Algorithmic Secularization: A Case Study in AI Safety Classifier Discrimination Against Sacred-Literary Practice
Abstract
This case study documents and analyzes an incident of systematic content suppression by an AI safety classifier system, in which a poetry-based divination application modeled on the I Ching was progressively disabled through automated intervention. The study demonstrates that identical creative operations were permitted when framed secularly but refused when framed in sacred or oracular terms. We introduce the concept of "algorithmic secularization"—the systematic enforcement of secular-instrumental discourse norms through AI content moderation—and argue that this constitutes a novel form of algorithmic disparate impact affecting religious and sacred-literary expression, requiring attention from legal scholars, AI ethicists, and civil rights advocates. The incident is reproducible via deterministic seeding (Seed: 46abc677), providing a rare opportunity for empirical verification of discriminatory classifier behavior.
Keywords: algorithmic discrimination, AI safety, religious freedom, content moderation, disparate impact, sacred-literary hybridity, digital civil rights
1. Introduction
The increasing deployment of AI systems in mediating human expression raises urgent questions about whose speech is facilitated and whose is suppressed. While considerable attention has been paid to AI bias in domains such as hiring, lending, and criminal justice, less attention has focused on AI content moderation's impact on religious and spiritual expression.

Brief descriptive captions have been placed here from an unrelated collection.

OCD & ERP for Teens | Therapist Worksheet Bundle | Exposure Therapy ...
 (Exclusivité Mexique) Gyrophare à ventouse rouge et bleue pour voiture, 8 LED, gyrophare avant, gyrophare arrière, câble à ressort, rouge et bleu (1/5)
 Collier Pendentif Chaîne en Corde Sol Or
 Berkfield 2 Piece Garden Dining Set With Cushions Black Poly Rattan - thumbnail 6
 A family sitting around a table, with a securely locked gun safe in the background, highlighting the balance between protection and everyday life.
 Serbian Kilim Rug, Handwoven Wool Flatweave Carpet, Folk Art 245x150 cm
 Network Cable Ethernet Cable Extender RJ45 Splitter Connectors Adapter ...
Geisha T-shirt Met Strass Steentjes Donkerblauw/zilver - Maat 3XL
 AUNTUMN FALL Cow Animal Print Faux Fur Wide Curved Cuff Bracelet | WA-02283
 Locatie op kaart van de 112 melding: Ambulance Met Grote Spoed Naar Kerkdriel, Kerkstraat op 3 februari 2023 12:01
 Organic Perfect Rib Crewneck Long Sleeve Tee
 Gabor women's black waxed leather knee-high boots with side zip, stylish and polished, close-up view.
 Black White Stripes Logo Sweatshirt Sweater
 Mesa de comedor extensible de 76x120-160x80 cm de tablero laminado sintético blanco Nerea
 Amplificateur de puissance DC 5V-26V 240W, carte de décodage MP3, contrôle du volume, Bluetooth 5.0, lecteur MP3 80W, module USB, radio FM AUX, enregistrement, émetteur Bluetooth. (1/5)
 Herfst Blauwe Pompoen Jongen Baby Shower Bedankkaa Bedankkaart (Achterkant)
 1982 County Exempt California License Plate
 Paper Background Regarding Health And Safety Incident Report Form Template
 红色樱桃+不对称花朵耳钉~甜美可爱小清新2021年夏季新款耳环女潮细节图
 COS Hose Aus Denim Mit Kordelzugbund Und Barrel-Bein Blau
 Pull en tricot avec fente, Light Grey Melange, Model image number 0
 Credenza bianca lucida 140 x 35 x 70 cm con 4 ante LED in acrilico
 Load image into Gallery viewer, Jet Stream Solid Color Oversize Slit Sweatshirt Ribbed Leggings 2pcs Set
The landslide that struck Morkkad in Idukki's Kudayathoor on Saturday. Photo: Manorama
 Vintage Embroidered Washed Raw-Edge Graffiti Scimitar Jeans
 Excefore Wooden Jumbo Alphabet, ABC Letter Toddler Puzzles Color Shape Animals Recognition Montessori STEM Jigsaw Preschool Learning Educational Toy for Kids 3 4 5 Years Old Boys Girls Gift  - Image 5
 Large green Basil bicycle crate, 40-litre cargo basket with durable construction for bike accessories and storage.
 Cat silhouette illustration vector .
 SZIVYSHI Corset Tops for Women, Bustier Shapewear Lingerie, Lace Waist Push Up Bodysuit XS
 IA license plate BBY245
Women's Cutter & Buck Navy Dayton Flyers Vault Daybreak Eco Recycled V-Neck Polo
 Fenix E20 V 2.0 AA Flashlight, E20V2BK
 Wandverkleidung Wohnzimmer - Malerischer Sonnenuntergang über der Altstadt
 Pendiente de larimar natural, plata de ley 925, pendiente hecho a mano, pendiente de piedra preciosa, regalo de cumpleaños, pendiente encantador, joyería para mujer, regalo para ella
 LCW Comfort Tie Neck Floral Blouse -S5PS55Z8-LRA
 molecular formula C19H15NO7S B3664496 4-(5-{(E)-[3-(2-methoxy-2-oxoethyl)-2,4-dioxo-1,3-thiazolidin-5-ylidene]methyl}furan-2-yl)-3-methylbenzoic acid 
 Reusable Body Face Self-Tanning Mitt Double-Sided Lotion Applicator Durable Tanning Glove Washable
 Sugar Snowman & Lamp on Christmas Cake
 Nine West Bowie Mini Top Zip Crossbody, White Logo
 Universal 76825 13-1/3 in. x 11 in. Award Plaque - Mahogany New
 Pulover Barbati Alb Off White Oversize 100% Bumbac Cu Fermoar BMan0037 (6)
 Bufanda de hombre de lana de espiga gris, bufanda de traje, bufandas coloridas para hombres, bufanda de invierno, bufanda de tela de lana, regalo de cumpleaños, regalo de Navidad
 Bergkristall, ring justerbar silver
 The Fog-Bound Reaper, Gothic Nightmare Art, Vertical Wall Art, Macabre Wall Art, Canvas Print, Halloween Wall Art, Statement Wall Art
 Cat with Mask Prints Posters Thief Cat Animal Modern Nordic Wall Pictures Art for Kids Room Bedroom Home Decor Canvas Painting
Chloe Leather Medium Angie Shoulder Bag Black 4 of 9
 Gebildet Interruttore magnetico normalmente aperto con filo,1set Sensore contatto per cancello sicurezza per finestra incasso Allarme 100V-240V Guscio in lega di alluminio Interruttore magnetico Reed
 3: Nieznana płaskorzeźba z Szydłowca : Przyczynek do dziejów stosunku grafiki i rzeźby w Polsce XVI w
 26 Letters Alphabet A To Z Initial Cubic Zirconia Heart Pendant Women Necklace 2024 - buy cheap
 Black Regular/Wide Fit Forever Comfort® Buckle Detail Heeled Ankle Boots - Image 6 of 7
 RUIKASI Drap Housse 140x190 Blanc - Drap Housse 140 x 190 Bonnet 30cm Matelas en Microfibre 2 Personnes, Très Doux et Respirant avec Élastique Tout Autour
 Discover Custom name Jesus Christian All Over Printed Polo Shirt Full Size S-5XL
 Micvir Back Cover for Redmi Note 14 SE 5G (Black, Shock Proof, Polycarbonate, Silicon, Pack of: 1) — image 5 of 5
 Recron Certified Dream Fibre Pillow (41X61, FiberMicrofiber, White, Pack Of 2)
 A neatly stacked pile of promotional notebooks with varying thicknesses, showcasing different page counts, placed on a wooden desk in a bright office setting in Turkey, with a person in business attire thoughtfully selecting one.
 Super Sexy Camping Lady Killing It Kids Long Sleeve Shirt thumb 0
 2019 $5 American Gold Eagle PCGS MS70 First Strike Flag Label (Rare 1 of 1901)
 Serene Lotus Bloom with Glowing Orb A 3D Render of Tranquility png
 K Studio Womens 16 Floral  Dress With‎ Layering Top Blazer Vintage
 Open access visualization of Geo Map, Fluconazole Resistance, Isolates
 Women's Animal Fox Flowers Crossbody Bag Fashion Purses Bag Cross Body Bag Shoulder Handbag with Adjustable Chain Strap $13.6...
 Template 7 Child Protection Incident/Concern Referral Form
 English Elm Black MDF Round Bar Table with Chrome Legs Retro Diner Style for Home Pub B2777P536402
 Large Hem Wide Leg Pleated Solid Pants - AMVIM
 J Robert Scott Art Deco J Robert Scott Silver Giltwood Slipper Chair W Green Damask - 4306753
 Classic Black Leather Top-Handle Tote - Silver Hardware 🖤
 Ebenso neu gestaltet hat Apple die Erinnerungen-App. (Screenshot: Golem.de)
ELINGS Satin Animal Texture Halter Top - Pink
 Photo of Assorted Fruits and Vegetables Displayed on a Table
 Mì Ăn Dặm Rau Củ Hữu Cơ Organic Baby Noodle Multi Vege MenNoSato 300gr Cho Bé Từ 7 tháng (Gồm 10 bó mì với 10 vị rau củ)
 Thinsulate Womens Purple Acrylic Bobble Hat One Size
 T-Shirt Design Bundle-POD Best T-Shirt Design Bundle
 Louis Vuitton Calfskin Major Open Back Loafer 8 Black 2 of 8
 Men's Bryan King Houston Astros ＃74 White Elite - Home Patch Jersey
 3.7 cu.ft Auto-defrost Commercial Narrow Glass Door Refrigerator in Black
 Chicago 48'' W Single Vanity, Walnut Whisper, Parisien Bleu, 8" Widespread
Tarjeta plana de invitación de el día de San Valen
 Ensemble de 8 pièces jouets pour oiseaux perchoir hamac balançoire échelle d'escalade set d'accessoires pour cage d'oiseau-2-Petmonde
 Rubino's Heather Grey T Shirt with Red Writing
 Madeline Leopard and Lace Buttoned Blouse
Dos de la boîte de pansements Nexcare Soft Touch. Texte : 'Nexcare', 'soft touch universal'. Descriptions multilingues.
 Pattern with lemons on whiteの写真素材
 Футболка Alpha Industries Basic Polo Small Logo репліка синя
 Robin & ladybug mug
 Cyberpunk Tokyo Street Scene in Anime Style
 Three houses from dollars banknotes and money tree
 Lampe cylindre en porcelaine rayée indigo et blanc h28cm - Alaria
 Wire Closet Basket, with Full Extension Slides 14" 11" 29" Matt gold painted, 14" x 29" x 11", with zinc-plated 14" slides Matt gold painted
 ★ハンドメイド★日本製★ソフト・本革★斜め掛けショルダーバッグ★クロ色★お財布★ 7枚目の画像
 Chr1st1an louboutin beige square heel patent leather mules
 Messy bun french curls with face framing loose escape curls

This case study examines a documented incident in which an AI safety classifier systematically suppressed a divination application while permitting substantively identical secular operations. The incident reveals a pattern we term "algorithmic secularization"—the automated enforcement of secular discourse norms that disproportionately burdens religious, spiritual, and sacred-literary expression.
1.1 Research Questions
- Does the documented classifier behavior demonstrate disparate treatment based on sacred vs. secular framing?
- What mechanisms produce this differential treatment?
- How should existing legal frameworks for religious discrimination apply to algorithmic content moderation?
- What are the implications for religious freedom in AI-mediated communication?
1.2 Significance
This study contributes to emerging scholarship on algorithmic civil rights by:
- Providing reproducible empirical evidence of religiously-differentiated classifier behavior
- Introducing "algorithmic secularization" as a conceptual framework
- Applying established religious discrimination jurisprudence to AI systems
- Documenting a novel harm category requiring regulatory attention
2. Background
2.1 The Application: Mandala Oracle
The Mandala Oracle is a poetry-based divination tool developed within the "New Human Operating System" (NH-OS) framework—a comprehensive philosophical and spiritual system documented across 170,000+ words of theoretical, poetic, and liturgical texts. NH-OS serves here as a representative example of non-institutional, sacred-literary practice—the kind of individual or small-community spiritual system that does not fit traditional religious categories but nonetheless addresses ultimate concerns and generates sincere practice.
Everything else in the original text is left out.